Monday September 25th was the day on which I moved to the shelf, with unsteady but sure hands, the habit of smoking. I have been without cigarettes for two plus days now. It may seem insignificant in the macrocosm of things, but to me, it is a giant step forward. So far, it has been going well. I know I will have tougher days ahead, and that the urges will strike sometimes with the ferocity of a hurricane. But the toughest hurdle is past. The one where I said no more, meant it, and started down the path of recovery. I know since I finally got past addiction and all her wiles and actually started, each day will be a little bit easier. This morning, I noticed some of the aches and pains have dissipated, and with feeling a bit better, I believe in the coming days and weeks the rest will follow suit. I have dealt with the urges by using my hand grippers. After a few weeks, I’ll be able to tear apart a lobster bare handed with how much I am using them. But that is a bonus. Plus, combined with the wrist weights, and the start of the exercise program, I will help myself with both keeping any weight gain off as well as giving me something else to focus on besides how much addiction is telling me I want a cigarette. I read once that if you do something for 16 days, it becomes a habit. I am working on not doing something for that amount of time and hoping for the same results. I know if I can make it 16 days without lighting up or even so much as taking one drag, I will be well on my way and have more power to be able to conquer this. This is day three. Only 13 more to go until the first milestone is complete. After that, only 4 more to follow and I will be free. I will need to be ever vigilant of getting back on that slope, but I will be free. By my calculations, I will be off the patch program by the beginning of December, and by the 20th, will have put in 16 days of no patches and no cigarettes, and no smoking will officially be my habit.
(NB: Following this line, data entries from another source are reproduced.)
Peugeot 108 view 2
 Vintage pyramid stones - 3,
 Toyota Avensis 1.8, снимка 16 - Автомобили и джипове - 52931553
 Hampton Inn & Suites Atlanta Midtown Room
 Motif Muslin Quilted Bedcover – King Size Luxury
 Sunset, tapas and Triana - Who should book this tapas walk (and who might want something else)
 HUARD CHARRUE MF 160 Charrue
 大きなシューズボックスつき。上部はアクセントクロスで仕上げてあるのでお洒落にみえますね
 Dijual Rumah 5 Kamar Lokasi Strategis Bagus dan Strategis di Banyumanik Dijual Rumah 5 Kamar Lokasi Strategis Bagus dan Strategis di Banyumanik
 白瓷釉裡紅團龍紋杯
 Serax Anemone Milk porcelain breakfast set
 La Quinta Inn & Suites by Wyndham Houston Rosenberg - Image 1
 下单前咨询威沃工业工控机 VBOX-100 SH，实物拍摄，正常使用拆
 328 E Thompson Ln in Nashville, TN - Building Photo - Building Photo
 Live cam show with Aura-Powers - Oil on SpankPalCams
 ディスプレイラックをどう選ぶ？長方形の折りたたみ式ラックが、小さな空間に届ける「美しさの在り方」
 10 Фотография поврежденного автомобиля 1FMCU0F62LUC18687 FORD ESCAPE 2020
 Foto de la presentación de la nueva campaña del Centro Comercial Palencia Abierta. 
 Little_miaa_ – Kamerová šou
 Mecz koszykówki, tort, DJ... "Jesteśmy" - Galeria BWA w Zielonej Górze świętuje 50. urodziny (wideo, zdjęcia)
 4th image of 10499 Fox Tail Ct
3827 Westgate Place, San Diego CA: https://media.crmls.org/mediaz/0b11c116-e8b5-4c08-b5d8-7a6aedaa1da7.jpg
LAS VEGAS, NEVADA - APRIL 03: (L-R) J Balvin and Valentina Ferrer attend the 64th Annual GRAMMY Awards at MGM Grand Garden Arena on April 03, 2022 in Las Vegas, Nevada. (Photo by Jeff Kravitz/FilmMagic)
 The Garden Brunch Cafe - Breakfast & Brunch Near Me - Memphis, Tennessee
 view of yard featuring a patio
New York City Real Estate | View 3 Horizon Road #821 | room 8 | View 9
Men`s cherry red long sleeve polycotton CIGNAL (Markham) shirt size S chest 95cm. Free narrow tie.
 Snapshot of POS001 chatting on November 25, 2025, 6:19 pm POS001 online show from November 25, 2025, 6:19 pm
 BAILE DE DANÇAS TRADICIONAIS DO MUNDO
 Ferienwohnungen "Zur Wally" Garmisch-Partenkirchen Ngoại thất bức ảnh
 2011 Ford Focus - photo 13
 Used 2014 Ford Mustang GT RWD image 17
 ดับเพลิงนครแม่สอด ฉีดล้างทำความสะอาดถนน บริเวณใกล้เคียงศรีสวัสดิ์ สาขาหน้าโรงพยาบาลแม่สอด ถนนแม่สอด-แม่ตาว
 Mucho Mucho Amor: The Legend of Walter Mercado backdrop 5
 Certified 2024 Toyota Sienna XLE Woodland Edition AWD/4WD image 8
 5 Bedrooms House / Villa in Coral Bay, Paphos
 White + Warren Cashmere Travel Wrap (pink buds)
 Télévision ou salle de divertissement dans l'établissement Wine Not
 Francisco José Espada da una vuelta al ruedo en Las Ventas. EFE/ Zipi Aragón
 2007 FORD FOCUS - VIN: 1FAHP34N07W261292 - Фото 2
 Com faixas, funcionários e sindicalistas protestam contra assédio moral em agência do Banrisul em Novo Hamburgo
I can then look up at the shelf, and be proud, for once, of seeing this worn out trophy of impetuous youth, knowing I have strived hard and finally have a handle on it. Knowing for once, it does not hold sway over me, but I hold sway over it. I can say, with a small laugh, ahhh, how crazy was I to do that! By the time I look upon that shelf, I will have given myself the best gift of all, the gift of a longer, healthier life.

Now excuse me, I have reached the end and my mind is telling me that since the goal has been accomplished, it is time for a smoke. I really need to get my paws on my hand gripper and fast to quell the beast within. The urges wait for nothing.